Favorites of the Decade

The prospect of creating a list of favorite films for the decade both excites and terrifies me. I am certainly a compulsive list-maker, but with the number of films I’ve seen, and loved, from 2000 through 2009, the task seems a bit like choosing a favorite among my kids or deciding whether Crime and Punishment or The Brothers Karamazov is my favorite Dostoevsky novel. Either it just can’t be done—as is the case with my kids—or one day I might feel a stronger connection to one, only to see my loyalties shift the next day. Today, it’s Crime and Punishment.

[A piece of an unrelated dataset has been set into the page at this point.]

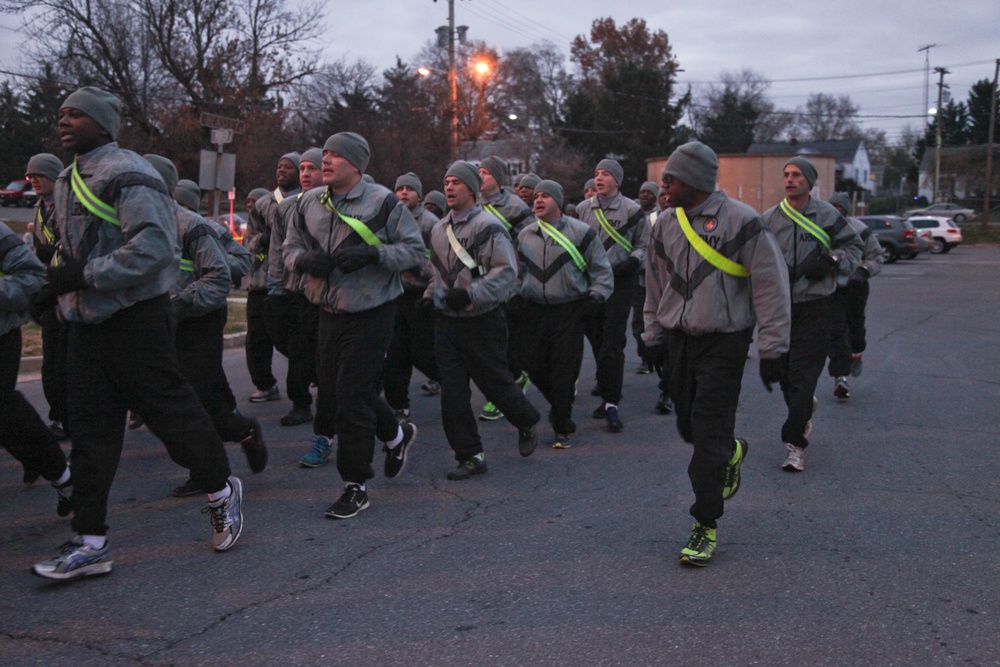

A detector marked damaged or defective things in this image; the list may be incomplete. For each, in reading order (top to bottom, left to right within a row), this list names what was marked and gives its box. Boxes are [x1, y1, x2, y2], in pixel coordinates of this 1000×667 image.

cracked pavement [1, 247, 1000, 667]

That said, the first five entries on the list were shoe-ins. I couldn’t imagine them ever falling off. I’ve seen each of them multiple times (they hold up—an important qualification for making a list like this), and their artistry is without question. The other five might be replaced by films like Spirited Away, Punch-Drunk Love, Persepolis, Take Out, When the Levees Broke, or The Royal Tenenbaums, but in the end I have to admit a certain level of comfort with the list.

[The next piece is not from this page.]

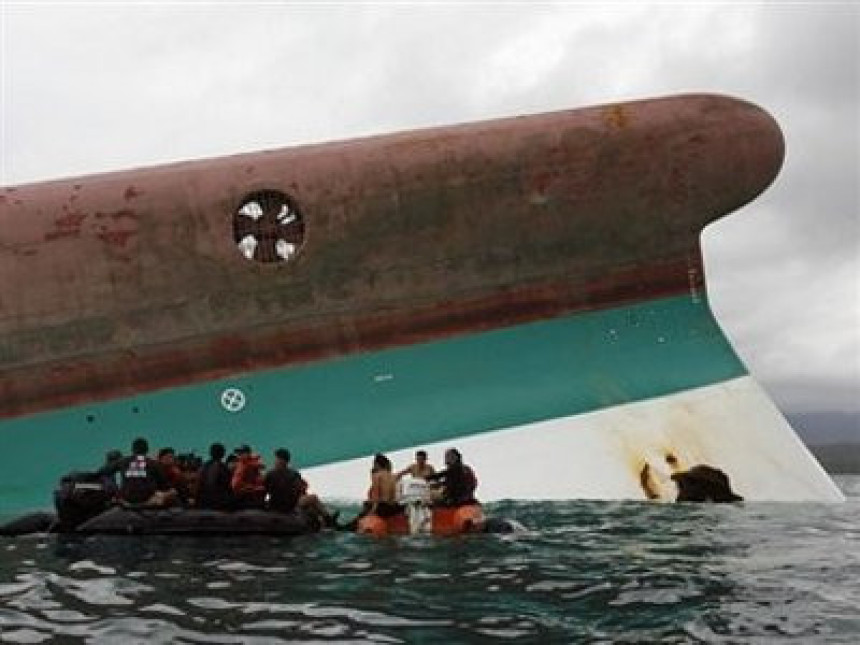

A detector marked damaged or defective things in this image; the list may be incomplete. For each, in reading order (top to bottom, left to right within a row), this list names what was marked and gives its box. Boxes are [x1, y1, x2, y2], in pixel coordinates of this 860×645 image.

rusty hull surface [0, 94, 788, 418]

I am most pleased by its diversity—3 films from Europe, 3 from the U.S., 2 from Asia, and 2 from Iran. (And honest, I didn’t plan it that way.) I am most disappointed with the lack of animation—Linklater’s Waking Life was important in pushing my personal boundaries as to what films could do on levels beyond plot mechanics and narrative development.

I suspect this list to change as time goes on, not so much because I think these films will fade in my estimation, but because I expect a great number of other films made this decade could rival many of the titles on this list. Here’s where it stands today:

10. Mutual Appreciation (2005)

The final film on the list comes from American indie director Andrew Bujalski, whose first film, Funny Ha Ha, treads some similar ground as Mutual Appreciation. However, where the former film focuses primarily on the romantic trials of a single young woman, Mutual Appreciation expands that palette to include three separate people, each looking for friendship and love while trying to make it on their own. Mutual Appreciation comes across as an unassuming film—it looks like nothing is happening. But on careful reflection, the lives of its three leads are slowly changing, learning to live with and rely on one another. That Bujalski is able to slide this under our noses in such an understated manner while rooting his characters in an all too real world makes this one of my favorite films of the decade.

9. Ten (2002)

Abbas Kiarostami’s Ten is something of a formal experiment, but one that succeeds precisely because it doesn’t lose the hearts of its characters inside the confines of its technical achievements. The film holds its loose narrative threads together throughout the film, bringing them closer and closer together as the successive conversations progress between a female driver and various others—a son, a sister, a pious woman, a whore, and a young single woman. Kiarostami’s film humanizes the “unseen” of Middle Eastern culture, providing a way into the hearts of women and children through the everyday concerns of life: weakening marriages, the aftermath of divorce, parent-child relationships, sex, and prayer.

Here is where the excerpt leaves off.